4) Extracurriculars: Involved in a 3 year long mentoring program with the goal being to get underpriveledged high schoolers into college. Involved in volunteering for Junior Achievement and soup kitchens through work.
5) Short/Long term goals: I am looking to make the switch from doing diligence on M&A deals to investment banking and eventually private equity. Preference of location would be NYC or San Francisco.
6) Schools: Considering all top 10 schools, (except Stanford and Harvard, which I assume are out of the question) Columbia, Cal, Penn, Chicago, MIT, NYU, Michigan, Northwestern, etc.
I am looking to attend one of the above mentioned schools. Please let me know what you think my chances are and whether there are areas in which I can improve. I am considering taking the GMAT again, but I am not really sure how much more a 710 will help my cause.
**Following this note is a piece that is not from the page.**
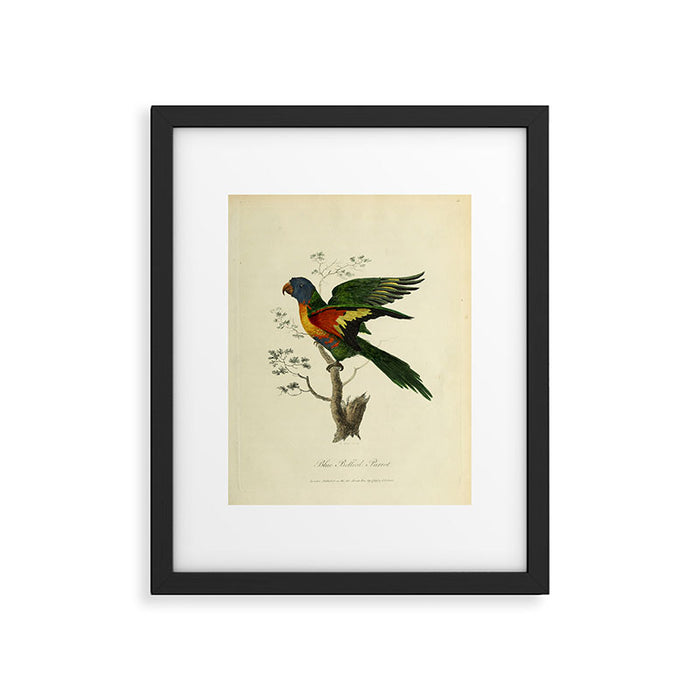 "Blue Bellied Parrot" by Sarah Stone, 1790 Framed Art Print Gallery Image 1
Any feedback would be greatly appreciated.
You sound very personally involved extracurricularly, which will appeal to Ross and Kellogg in particular, but I do think that pulling up the GMAT a bit could help significantly. Your professional experience seems pretty standard, so try to think of and detail examples of situations in which you went beyond the normal due diligence to make a difference for your clients. And don't bother using any auditing examples in your essays; these just don't appeal to the admissions committees at all since they are typically so dry.